Information shown
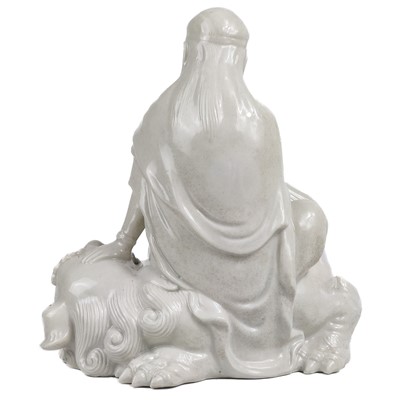Lot 1341 - A Chinese blanc de chine figure of Guanyin upon a dog of fo.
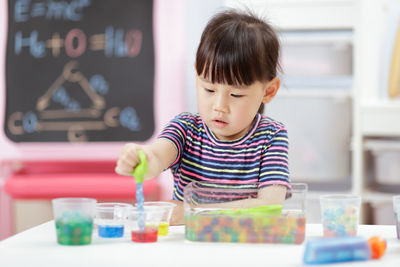 Cute girl playing with toys at home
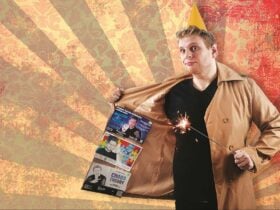 Aaron Ducker stands with a trench coat open displaying flyers from his previous shows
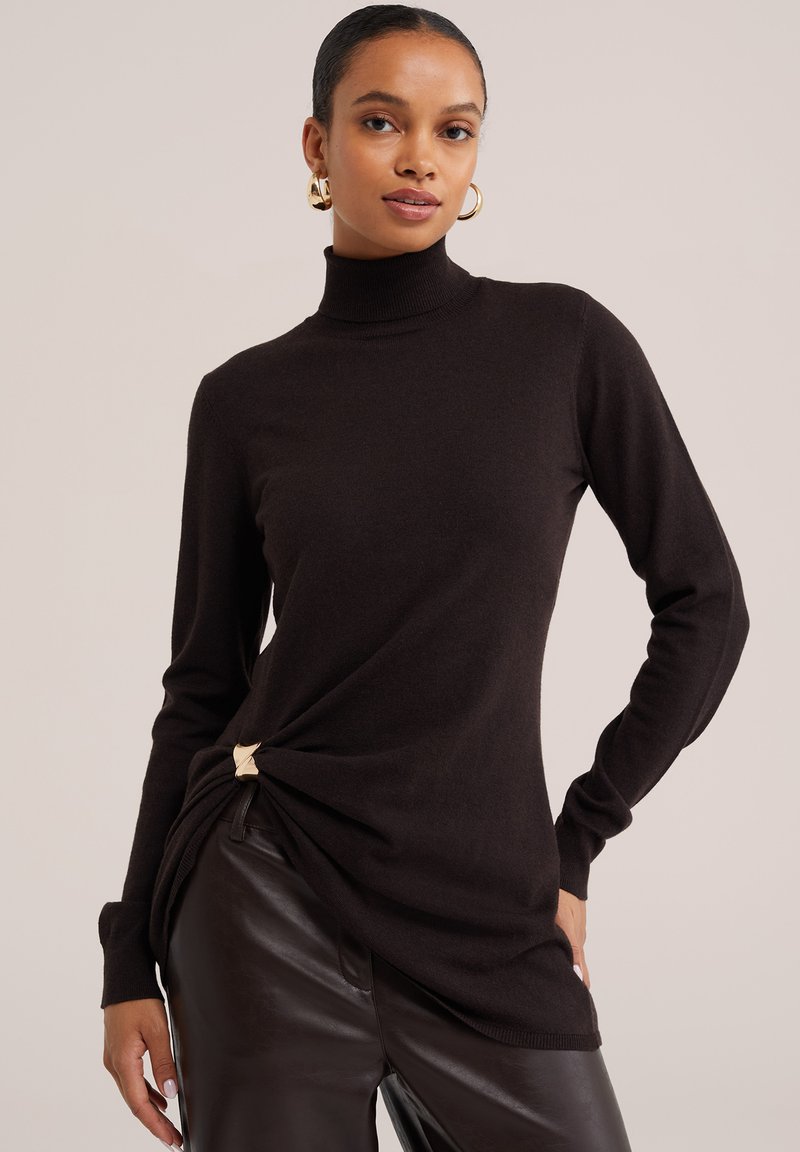 Femme portant un pull à col roulé noir avec un détail de fermoir doré et un pantalon en cuir foncé, posant avec une main sur la hanche.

Problem details
Write the material above out again exactly. Omit every image.

Task output
Lot 1341 - A Chinese blanc de chine figure of Guanyin upon a dog of fo.
 Cute girl playing with toys at home
 Aaron Ducker stands with a trench coat open displaying flyers from his previous shows
 Femme portant un pull à col roulé noir avec un détail de fermoir doré et un pantalon en cuir foncé, posant avec une main sur la hanche.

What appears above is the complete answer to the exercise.